Of course, it’s not just temperature that we want to alert on: because we collect filter flow rate we can alert if it drops below a threshold (indicating either pump issues or a clog in the filter or its intake).

flow rate alert

I also have a separate alert with an upper threshold — if the tank suddenly starts pumping very quickly it might indicate that we’re pumping water all over the floor somewhere beyond the meter.

There are also alerts based on power consumption to check that scheduled tasks (like the daily surface skimmer run) actually happened. These are driven by (more or less) the same query used for the status cells in the dashboards.

grafana scheduled activity alerts

Once I have the bits for it, I’ll create a PH level based alert too.

Conclusion

It’s fairly straightforward to automate collection of metrics from an aquarium.

Most of the components involved are also relatively inexpensive with the most expensive sensor being the water-flow meter (at £10). Obviously, the project’s cost would have been higher if I hadn’t already had a raspberry pi lying around, although it should be possible to do all of this with a cheap Raspberry Pi Zero or an Arduino Nano.

As with anything involving water and piping, there is a little risk involved in fitting a water-flow meter: any join carries some risk of leakage. If you really didn’t mind the look, that could be mitigated by fitting the meter inside the tank (obviously above the waterline) so that any leak remained inside the tank.
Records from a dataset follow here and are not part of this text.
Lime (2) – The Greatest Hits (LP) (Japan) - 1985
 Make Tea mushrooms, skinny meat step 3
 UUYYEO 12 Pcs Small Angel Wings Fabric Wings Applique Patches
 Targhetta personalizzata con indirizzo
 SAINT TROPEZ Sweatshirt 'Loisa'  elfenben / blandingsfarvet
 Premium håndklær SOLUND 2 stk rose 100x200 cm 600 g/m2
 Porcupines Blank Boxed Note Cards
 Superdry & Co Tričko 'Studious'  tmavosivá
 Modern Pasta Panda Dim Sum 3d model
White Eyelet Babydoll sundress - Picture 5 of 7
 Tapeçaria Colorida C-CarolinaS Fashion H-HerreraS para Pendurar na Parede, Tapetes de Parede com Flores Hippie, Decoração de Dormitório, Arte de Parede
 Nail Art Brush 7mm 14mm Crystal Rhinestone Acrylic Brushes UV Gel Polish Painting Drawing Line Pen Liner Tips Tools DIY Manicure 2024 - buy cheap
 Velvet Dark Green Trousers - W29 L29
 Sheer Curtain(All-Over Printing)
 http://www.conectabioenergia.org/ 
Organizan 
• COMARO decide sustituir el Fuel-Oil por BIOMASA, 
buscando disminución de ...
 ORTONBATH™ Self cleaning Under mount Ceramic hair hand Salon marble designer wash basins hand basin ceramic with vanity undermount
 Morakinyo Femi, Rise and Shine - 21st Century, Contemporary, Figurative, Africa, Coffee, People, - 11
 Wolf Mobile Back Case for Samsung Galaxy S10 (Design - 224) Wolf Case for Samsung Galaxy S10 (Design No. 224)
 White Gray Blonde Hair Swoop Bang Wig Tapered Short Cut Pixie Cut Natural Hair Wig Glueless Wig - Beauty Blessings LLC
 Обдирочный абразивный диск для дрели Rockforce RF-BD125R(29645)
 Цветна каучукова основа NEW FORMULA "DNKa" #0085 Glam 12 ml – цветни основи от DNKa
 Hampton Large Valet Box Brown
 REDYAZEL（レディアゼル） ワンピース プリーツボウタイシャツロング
Now that I’ve got the base system setup, it’s not just the forthcoming PH sensor that can be fitted, there are various other probes on the market which could help monitor water quality — for example a Total Dissolved Solids (TDS) sensor could probably be used to predict the levels of ammonium nitrate present in the water column.

The real challenge, as I found with my temperature sensor, is in finding sensor hardware that’s genuine, reliable, and affordable.

As well as providing automated monitoring/alerting, getting this all set up also helps to kill a little bit of time whilst waiting for the tank to cycle.